Spanner usage at Merpay
After using Cloud Spanner for a while, we started facing some issues related to sudden traffic spikes. This sudden increase in the queries to Spanner could originate either from some microservices or as a direct result of increase in user operations. Whenever there is a high volume of queries, the CPU usage would become very high (above the recommended level of 65%) and queries would start slowing down. This would lead to an increased latency for microservices and users could sometimes feel that the operations had become slower. The traffic spike could last from less than an hour to a few hours.
The recommended way to resolve the latency caused by high CPU usage, is to add more compute capacity (nodes), which enables Cloud Spanner to handle larger workloads. At Merpay, we use Terraform heavily in all our operations and have achieved Infrastructure as Code through the use of Terraform and GitHub. But when we suddenly need to increase the compute capacity of one of our Spanner instances, making a change to the configuration files and getting it merged through a pull request after approvals, is a time consuming task. Not to mention that the spike in CPU usage has to be detected and someone always has to be available to take care of increasing the compute capacity whenever there is an alert for high CPU usage. The whole process from receiving an alert to finally increasing the compute capacity, would easily take 10 minutes at the very least. Using Cloud Console (GUI) is a little faster, but leads to divergence from Infrastructure as Code model.

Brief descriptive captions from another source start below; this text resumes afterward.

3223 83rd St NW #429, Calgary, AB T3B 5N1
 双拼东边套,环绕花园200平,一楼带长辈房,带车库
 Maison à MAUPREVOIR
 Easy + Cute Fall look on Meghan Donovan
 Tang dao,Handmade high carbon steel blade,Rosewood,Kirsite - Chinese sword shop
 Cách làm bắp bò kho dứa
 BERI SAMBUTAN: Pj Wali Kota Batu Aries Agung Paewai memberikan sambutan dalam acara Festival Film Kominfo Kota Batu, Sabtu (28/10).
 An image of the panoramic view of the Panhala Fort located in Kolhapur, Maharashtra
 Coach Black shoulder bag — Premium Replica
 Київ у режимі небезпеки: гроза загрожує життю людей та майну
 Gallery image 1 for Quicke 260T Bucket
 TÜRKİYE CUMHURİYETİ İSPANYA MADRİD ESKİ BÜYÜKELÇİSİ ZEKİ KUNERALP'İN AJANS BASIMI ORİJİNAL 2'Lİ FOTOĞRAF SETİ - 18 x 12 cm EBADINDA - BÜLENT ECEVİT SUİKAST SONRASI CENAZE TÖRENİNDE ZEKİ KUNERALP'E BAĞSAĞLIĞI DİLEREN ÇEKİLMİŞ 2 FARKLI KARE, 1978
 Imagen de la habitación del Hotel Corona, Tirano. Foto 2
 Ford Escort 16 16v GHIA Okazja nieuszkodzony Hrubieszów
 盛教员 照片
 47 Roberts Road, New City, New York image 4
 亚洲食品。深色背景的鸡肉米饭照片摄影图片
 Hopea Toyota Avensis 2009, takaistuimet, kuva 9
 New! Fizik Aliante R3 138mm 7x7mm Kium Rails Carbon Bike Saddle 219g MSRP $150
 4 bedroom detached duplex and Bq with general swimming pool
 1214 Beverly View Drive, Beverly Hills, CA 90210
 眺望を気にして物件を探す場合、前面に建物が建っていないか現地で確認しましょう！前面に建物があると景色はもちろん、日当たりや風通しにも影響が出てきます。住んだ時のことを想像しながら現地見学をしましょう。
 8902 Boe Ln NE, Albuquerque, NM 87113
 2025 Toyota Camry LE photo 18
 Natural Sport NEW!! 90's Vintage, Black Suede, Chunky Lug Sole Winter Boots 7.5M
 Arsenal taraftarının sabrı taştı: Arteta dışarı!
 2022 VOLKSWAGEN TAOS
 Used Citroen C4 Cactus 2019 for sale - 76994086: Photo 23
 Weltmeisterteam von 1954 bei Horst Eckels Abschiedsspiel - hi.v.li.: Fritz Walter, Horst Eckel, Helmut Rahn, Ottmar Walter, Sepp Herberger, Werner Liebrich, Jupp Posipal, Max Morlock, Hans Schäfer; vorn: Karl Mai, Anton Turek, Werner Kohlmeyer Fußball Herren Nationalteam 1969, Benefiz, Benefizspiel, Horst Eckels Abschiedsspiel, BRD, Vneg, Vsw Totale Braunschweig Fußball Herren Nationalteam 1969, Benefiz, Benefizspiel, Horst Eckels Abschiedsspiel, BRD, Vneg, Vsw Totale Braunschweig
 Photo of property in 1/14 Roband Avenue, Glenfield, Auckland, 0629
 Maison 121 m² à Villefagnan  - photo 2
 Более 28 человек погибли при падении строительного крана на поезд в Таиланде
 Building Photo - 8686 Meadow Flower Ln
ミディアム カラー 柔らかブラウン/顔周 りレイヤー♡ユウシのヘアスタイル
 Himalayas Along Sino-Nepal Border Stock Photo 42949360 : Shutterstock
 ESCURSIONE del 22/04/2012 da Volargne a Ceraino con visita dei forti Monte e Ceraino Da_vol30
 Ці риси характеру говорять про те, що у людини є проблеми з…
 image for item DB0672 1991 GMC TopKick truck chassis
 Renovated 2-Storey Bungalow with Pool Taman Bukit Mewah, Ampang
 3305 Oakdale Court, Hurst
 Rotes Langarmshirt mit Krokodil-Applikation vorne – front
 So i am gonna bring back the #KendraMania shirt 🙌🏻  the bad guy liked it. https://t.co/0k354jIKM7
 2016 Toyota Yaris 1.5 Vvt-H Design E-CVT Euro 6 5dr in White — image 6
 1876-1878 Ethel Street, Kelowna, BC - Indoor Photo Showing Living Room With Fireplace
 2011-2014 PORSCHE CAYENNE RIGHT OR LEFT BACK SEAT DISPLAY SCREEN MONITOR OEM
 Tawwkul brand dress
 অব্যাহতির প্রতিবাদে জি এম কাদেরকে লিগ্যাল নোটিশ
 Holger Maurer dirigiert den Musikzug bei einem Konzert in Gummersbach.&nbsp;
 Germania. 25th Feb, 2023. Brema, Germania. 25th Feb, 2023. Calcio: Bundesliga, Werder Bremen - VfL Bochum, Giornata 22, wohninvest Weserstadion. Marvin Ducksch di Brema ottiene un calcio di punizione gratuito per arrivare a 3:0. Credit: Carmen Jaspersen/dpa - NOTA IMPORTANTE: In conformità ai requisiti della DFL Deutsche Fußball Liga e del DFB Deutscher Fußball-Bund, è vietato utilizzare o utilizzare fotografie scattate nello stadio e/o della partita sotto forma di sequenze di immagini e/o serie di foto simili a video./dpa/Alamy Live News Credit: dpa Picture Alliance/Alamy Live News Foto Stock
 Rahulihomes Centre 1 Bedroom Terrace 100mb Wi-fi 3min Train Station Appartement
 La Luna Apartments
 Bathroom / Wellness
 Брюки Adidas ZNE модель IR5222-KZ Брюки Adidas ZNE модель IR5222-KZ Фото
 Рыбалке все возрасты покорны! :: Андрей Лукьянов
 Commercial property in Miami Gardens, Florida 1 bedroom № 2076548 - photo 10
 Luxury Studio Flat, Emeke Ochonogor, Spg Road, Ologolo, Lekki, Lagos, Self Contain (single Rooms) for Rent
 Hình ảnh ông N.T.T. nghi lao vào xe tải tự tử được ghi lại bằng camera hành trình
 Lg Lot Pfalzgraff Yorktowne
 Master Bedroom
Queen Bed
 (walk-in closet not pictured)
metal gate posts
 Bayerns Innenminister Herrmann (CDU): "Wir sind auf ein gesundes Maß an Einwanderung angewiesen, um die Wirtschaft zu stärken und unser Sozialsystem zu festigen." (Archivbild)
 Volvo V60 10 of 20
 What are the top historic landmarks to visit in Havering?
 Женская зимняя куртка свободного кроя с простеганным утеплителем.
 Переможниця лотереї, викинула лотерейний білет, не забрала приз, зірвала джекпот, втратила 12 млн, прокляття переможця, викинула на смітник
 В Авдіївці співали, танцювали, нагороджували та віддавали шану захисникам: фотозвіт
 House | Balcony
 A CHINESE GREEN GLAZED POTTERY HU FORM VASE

Thus, we felt the need for automatically performing these scale-up operations whenever CPU usage crossed a certain threshold. To heavy users of Kubernetes, this requirement would seem very similar to that of a Horizontal Pod Autoscaler (HPA) in Kubernetes. Since Merpay’s microservices are all containerized and everything is deployed and run on Kubernetes, this idea of autoscaling the Cloud Spanner compute capacity just like we do for all our deployments using HPA, was very natural.
Origin of Spanner Autoscaler
So we set out to build a Kubernetes operator (using kubebuilder) which would work just like an HPA but would monitor and scale Cloud Spanner instances. Achieving autoscaling for Spanner instances, would not only solve our problem of handling sudden latency spikes due to CPU surge, but could also be helpful in saving additional costs by removing unused compute nodes. Active users of Spanner would already know that the cost of a Spanner instance can increase quite steeply for each additional compute node. Thus, adding that one or two extra nodes for resolving a latency spike and then forgetting to remove them later, could have a considerable difference on the monthly bill.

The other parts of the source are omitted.